Table 2. Performance comparison of three methods in the experiment (in percentage).

Method

Accuracy

Balanced accuracy

Sensitivity

Specificity

Precision

F1 score

CART

84.14

82.02

88.97

75.06

87.04

87.99

XGBoost

83.82

79.39

93.86

64.92

83.44

88.34

Proposed auto-ML scheme

86.17

84.08

90.90

77.26

88.27

89.57

 

Author Response File: Author Response.pdf

Round 3

Reviewer 1 Report

The authors' response presents a strength of the model in that is "adaptable to various clinical conditions" to identify combinations of strategies and risk factors.  A brief description of the type of preparation and annotation the user must do to adapt the model would be appropriate and make the article more accessible to a broader range of practitioners and researchers.  

Author Response

Thanks for your suggestion. To further illustrate the type of preparation and annotation, we add the following descriptions in the revised version.

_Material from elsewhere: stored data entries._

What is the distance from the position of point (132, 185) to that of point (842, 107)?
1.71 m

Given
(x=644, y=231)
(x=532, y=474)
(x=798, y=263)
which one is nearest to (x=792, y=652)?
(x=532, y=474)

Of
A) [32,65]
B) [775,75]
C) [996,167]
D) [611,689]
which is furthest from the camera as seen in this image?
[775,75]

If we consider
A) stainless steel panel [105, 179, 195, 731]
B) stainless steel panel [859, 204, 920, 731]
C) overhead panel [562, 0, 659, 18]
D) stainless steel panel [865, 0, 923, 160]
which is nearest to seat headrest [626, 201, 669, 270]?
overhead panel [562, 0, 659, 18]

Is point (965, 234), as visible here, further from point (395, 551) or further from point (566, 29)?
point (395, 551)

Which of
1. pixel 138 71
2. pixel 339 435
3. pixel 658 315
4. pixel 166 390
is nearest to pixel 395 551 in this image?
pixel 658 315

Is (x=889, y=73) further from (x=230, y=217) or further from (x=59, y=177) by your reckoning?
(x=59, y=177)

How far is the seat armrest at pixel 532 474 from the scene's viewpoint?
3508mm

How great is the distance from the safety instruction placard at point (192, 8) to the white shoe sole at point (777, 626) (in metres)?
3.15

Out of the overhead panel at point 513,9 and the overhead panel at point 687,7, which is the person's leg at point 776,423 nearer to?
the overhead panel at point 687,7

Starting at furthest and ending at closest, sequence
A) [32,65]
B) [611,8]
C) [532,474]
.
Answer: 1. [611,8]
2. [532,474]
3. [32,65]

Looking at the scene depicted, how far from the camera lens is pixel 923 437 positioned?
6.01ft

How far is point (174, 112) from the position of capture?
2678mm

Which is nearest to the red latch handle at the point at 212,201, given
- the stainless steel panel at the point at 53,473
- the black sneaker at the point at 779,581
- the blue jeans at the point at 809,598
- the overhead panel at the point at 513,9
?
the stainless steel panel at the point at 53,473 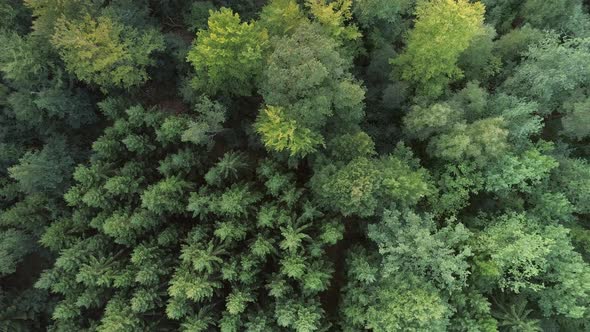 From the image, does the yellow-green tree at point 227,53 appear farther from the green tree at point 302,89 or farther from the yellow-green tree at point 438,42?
the yellow-green tree at point 438,42

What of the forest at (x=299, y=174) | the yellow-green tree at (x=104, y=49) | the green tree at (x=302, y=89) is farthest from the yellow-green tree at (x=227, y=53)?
the yellow-green tree at (x=104, y=49)

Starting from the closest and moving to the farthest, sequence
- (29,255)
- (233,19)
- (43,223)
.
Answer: (233,19), (43,223), (29,255)

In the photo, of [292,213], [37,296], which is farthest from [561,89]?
[37,296]

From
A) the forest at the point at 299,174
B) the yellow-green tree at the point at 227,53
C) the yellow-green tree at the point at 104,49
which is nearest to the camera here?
the forest at the point at 299,174

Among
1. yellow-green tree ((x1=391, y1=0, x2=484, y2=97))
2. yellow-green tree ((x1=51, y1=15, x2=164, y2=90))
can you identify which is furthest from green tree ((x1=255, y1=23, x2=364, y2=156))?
yellow-green tree ((x1=51, y1=15, x2=164, y2=90))

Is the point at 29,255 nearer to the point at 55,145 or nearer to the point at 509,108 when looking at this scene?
the point at 55,145

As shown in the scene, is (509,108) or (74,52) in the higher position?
(509,108)
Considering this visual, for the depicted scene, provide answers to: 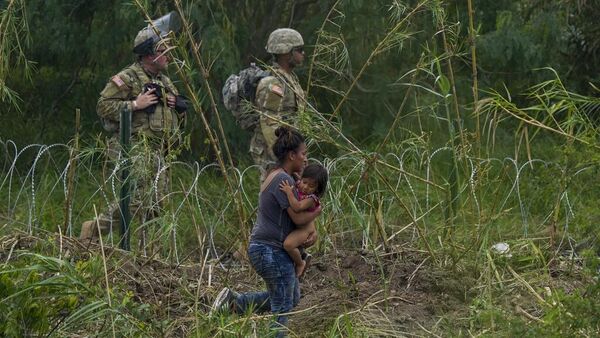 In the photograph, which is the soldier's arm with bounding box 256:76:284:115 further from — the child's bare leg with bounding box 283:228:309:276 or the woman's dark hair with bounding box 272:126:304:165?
the child's bare leg with bounding box 283:228:309:276

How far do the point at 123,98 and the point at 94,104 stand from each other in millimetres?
3401

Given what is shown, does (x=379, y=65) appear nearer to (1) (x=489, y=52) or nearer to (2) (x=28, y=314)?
(1) (x=489, y=52)

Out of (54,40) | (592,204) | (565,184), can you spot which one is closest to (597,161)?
(565,184)

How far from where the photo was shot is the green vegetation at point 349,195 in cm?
660

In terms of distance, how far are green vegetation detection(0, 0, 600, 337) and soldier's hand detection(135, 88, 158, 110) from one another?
25 centimetres

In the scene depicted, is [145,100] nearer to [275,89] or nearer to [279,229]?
[275,89]

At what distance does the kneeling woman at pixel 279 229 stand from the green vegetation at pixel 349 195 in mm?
172

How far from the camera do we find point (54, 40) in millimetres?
12078

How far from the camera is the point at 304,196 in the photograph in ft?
22.0

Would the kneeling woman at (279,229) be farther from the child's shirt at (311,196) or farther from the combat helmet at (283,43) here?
the combat helmet at (283,43)

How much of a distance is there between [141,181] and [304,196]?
2075 millimetres

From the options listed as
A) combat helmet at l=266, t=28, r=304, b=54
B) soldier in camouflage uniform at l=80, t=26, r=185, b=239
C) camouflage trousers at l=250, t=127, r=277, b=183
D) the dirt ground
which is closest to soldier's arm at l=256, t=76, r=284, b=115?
combat helmet at l=266, t=28, r=304, b=54

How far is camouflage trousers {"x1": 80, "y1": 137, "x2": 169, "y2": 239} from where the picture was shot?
7684 millimetres

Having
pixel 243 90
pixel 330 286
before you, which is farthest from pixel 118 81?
pixel 330 286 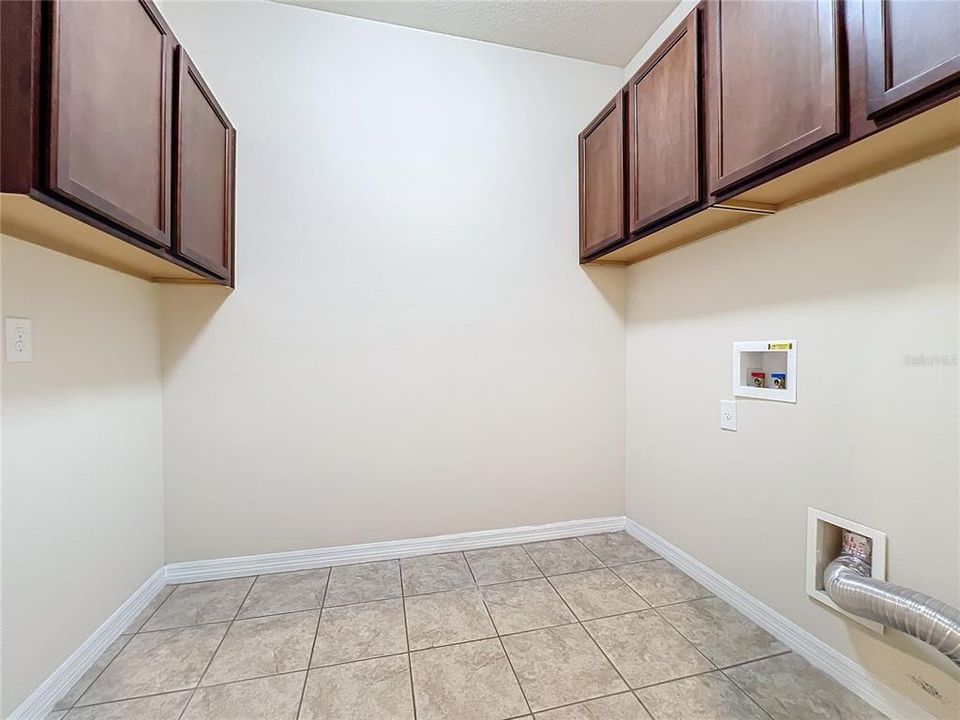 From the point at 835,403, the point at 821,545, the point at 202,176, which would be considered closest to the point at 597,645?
the point at 821,545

“Our automated machine learning model illustrates the possibility of assessing the combination of these risk factors under various clinical conditions. For different clinical datasets, the appropriate data preprocessing strategy, feature selection strategy, cross-validation strategy or model learning strategy can be adapted automatically. As long as the user prepares his own custom dataset with appropriate annotation. The data type of the feature can be either class or continuous, and the response should be binary. The proposed method can determine the corresponding strategy combinations and risk factors in a small number of training sessions without any manual intervention.”

Please refer to the Conclusions Section of the revised manuscript.